** Opening Records for this task block **

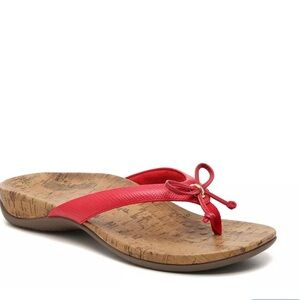 Vionic red Cassie Rock Sandal, size 9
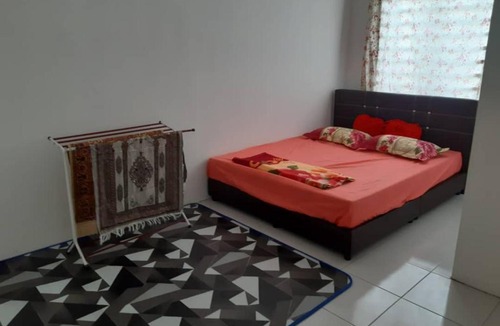 Jitra House | Cik Kerinting Homestay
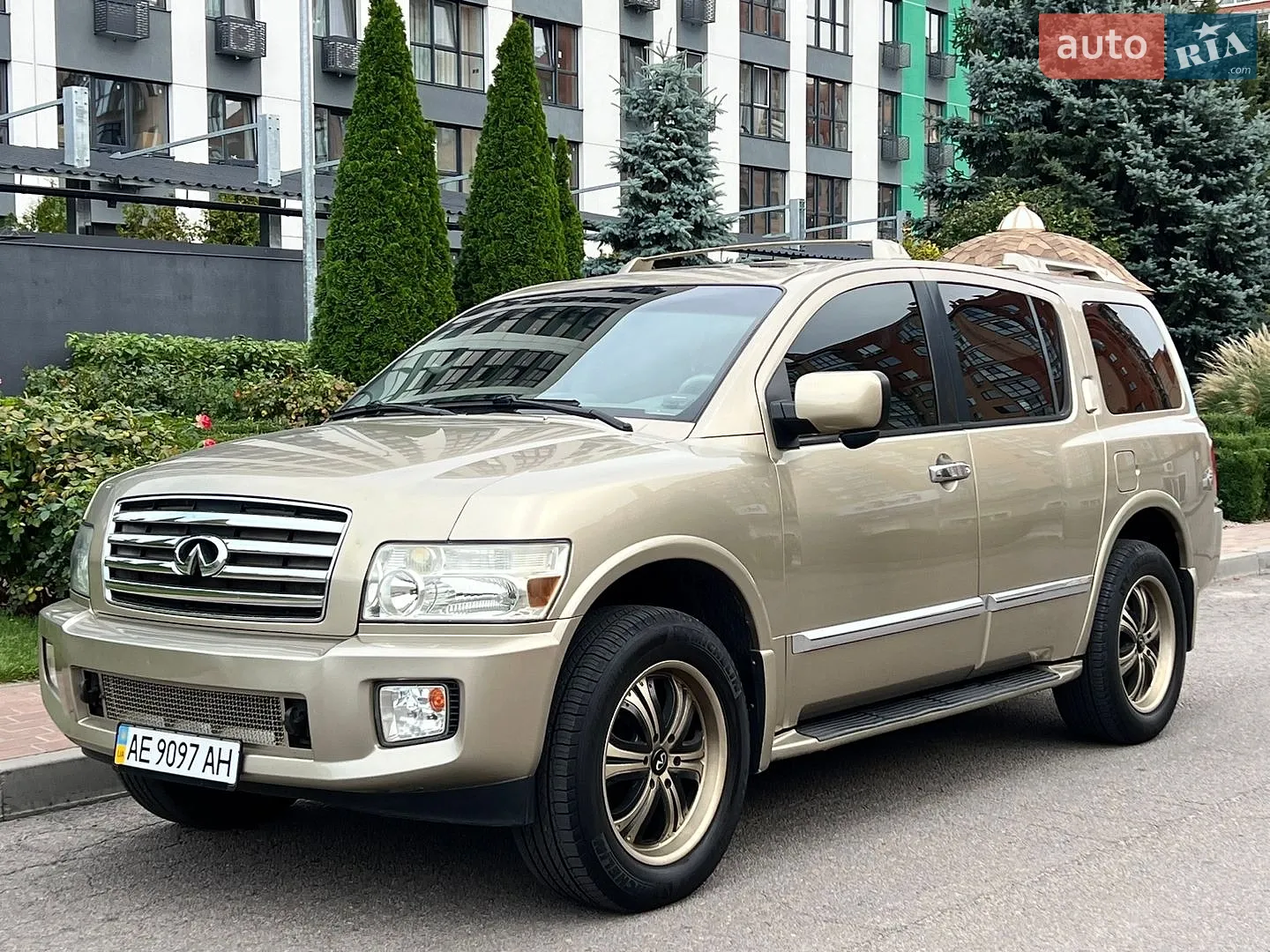 Infiniti QX56, 2004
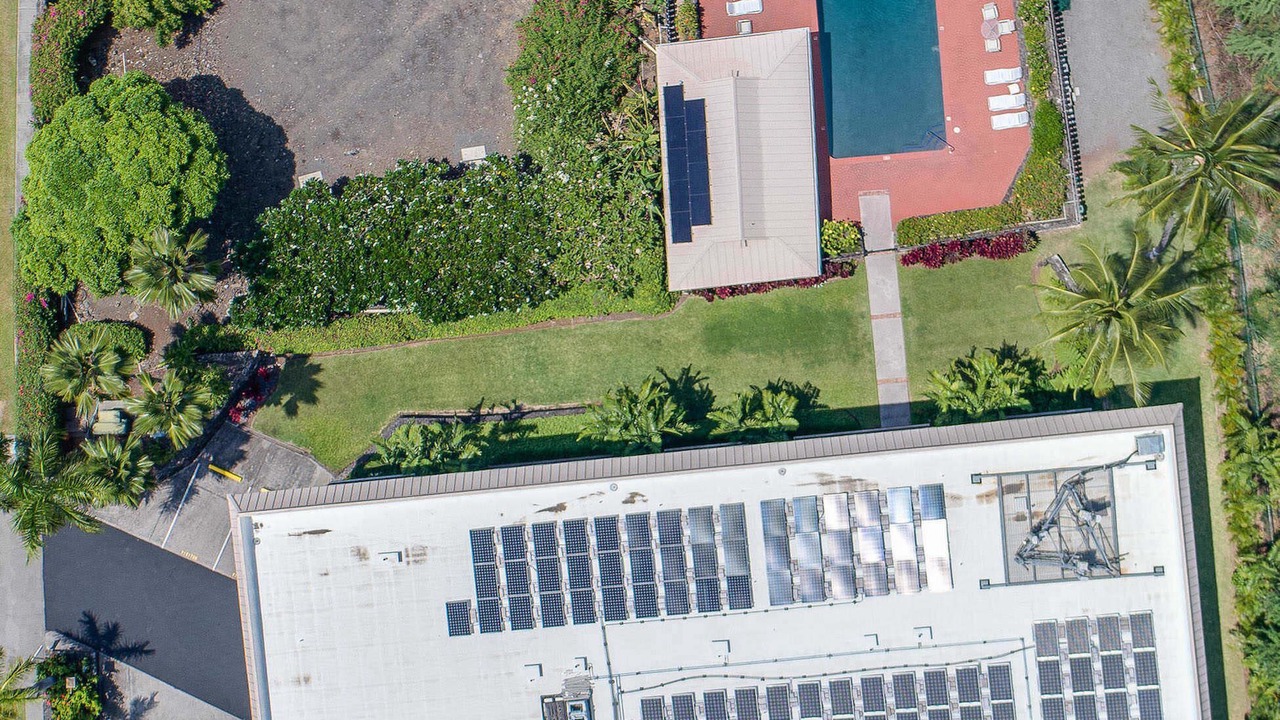 Photo of Others in Kahaluu Bay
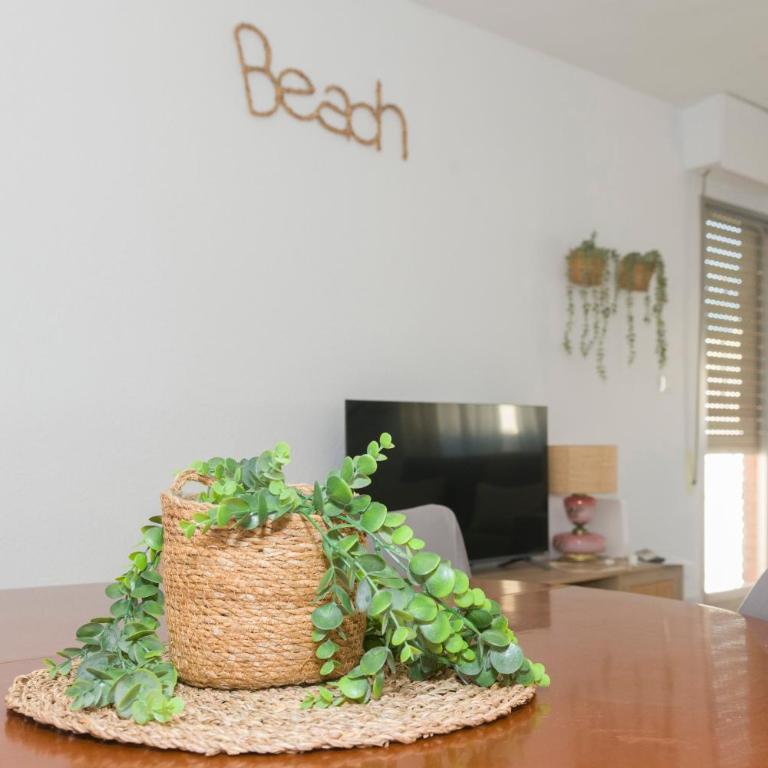 La CASA De CARLA - Three-Bedroom Apartment - 8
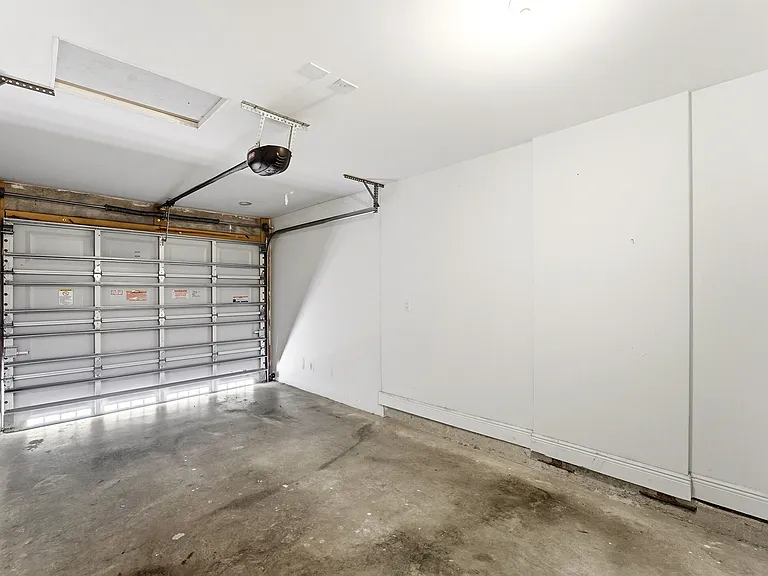1141 NE 3rd Ave — Photo 19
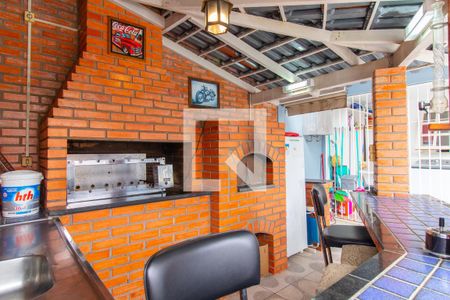 Casa à venda com 351m², 4 quartos e 2 vagasChurrasqueira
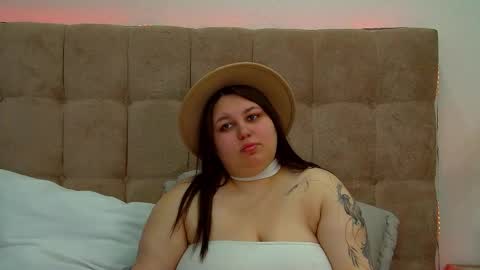 LillianHaig online show from 03.07.25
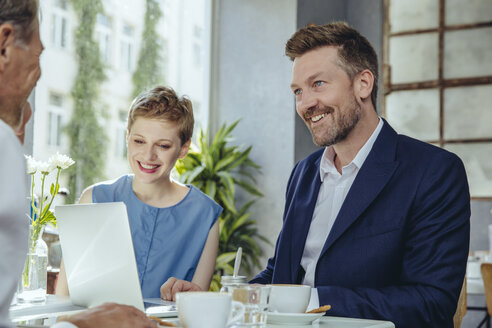 Business people having a meeting in a cafe - MFF03847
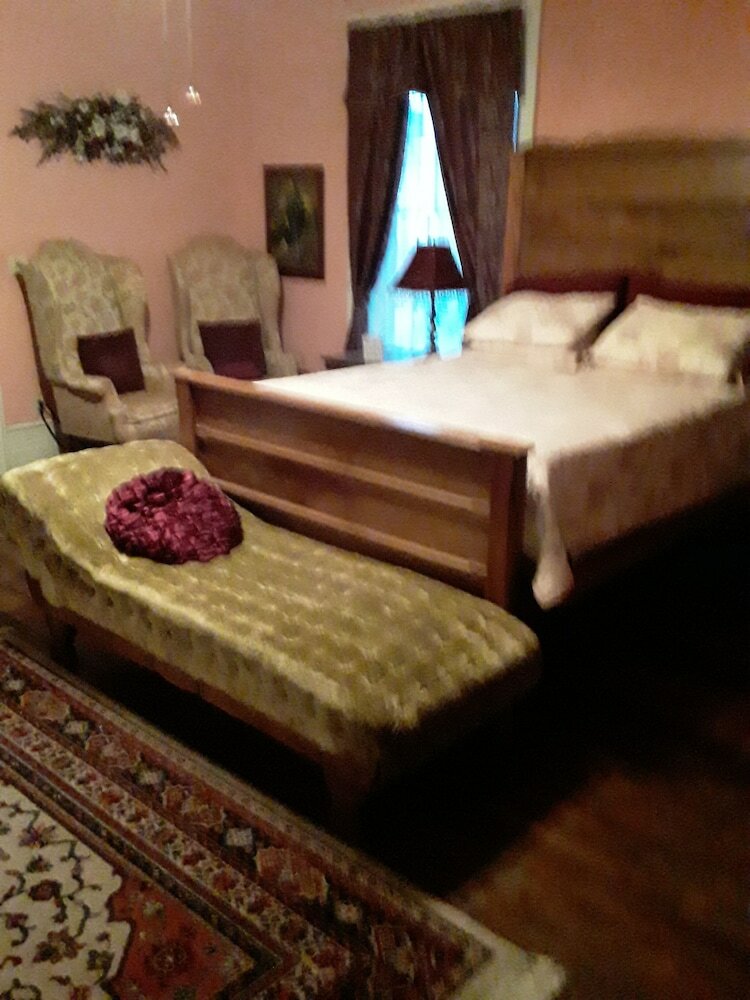 Фото Hall Place Bed and Breakfast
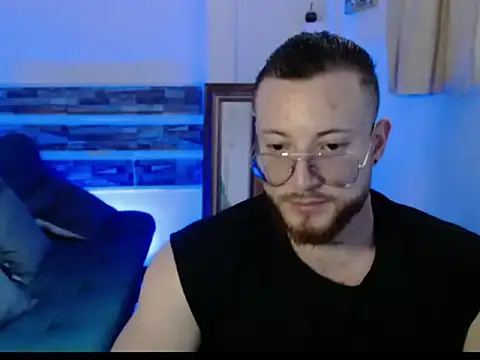 Justin-mackenlly online show from March 5, 9:22 pm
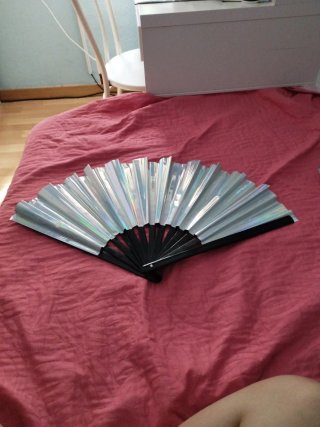 Abanico de fiesta plateado.Muy poco uso.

** Closing Records for this task block **

Task to carry out ::
Images should not appear in the copy; retype the listing above exactly.

Task result ::
 Vionic red Cassie Rock Sandal, size 9
 Jitra House | Cik Kerinting Homestay
 Infiniti QX56, 2004
 Photo of Others in Kahaluu Bay
 La CASA De CARLA - Three-Bedroom Apartment - 8
1141 NE 3rd Ave — Photo 19
 Casa à venda com 351m², 4 quartos e 2 vagasChurrasqueira
 LillianHaig online show from 03.07.25
 Business people having a meeting in a cafe - MFF03847
 Фото Hall Place Bed and Breakfast
 Justin-mackenlly online show from March 5, 9:22 pm
 Abanico de fiesta plateado.Muy poco uso.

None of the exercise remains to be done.